2) Thyme I find I use this for two main types of cooking; wintery stews and summery meat grilling marinades. Thyme is a low growing plant and my favorite, lemon thyme, is really a ground cover. It is perfect for edging beds or placing in the front of a mixed container planting. The plant is very hardy, if you can see it (for lack of snow cover), you can harvest it.
Favorite Uses: Ina Garten's recipe for beef bourguignon is my favorite, but when I make it, I substitute lemon thyme and I triple the amount the recipe calls for.
3) Sage At nearly 5 years old, my sage plant is quite expansive (about 3 feet in diameter) and woody. Planting it in a container and cutting it back more regularly would control this.
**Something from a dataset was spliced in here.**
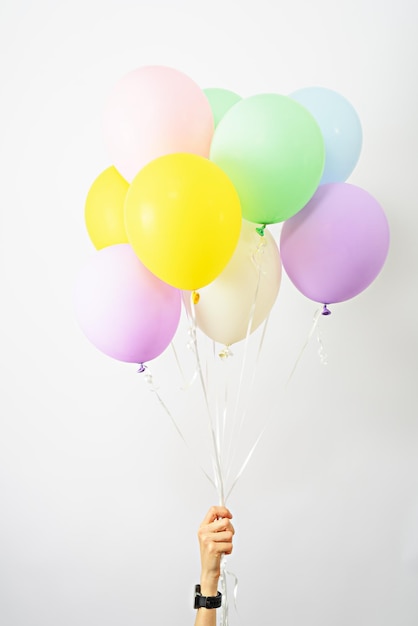 Bündel bunte Heliumballons in der Hand auf festliche Stimmung des weißen Hintergrundes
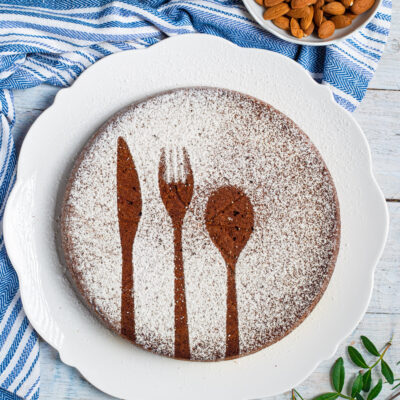 Torta caprese al cioccolato spolverata di zucchero a velo con decorazione a sagome di posate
My baby is due for some TLC and tough love and I plan to donate the cuttings to some yogi friends who want to make smudge sticks.
Favorite uses: Infuse white beans with sage by adding leaves to the cooking water then douse bean in olive oil infused with even more sage. Also -- this list of 45 things to do with sage has some other great recipes and ideas.
4) Lemon Balm Until about 2 weeks ago when I took a teas and tinctures class I had really only grown lemon balm for a few reasons. It was easy, it has a nice shape and nice fresh green leaf color (and sometimes that's all I want in a garden plant) and my whole family enjoys walking by it and pinching off a leaf and giving it a good sniff.....Ahhhh so relaxing.
Favorite uses: Trim leaves, and use either fresh or dried, (dry leaves in a paper bag and store in a dark place) steep in hot water. Strain with a tea strainer and serve the best cuppa afternoon tea.
5) Parsley I happily discovered last year that parsley, which is normally grown as an annual, can overwinter. This spring, the seeds I put in the ground in 2009 are once again growing and one of my plants is actually big enough that I clipped sprigs for dinner last night.
Favorite uses: Parsley is ones of those super foods that do more good things for a body than seems possible for just a little leafy green plant. Among other things, it contains more vitamin C than than bascially anything else you can eat. You can make lots of things with it, but I pretty much chop and sprinkle it on most every dish that comes out of my kitchen.
6) Chives - Another perennial favorite, I have two plants, timed differently. One stays outside planted in the ground and its natural calendar supplies me with snips about this time of year and the other is at the base of a potted orange tree that I haul in and out of the house seasonally. It shoots up tasty green stems in the dead of winter. It's worth having both so that my harvesting season is longer.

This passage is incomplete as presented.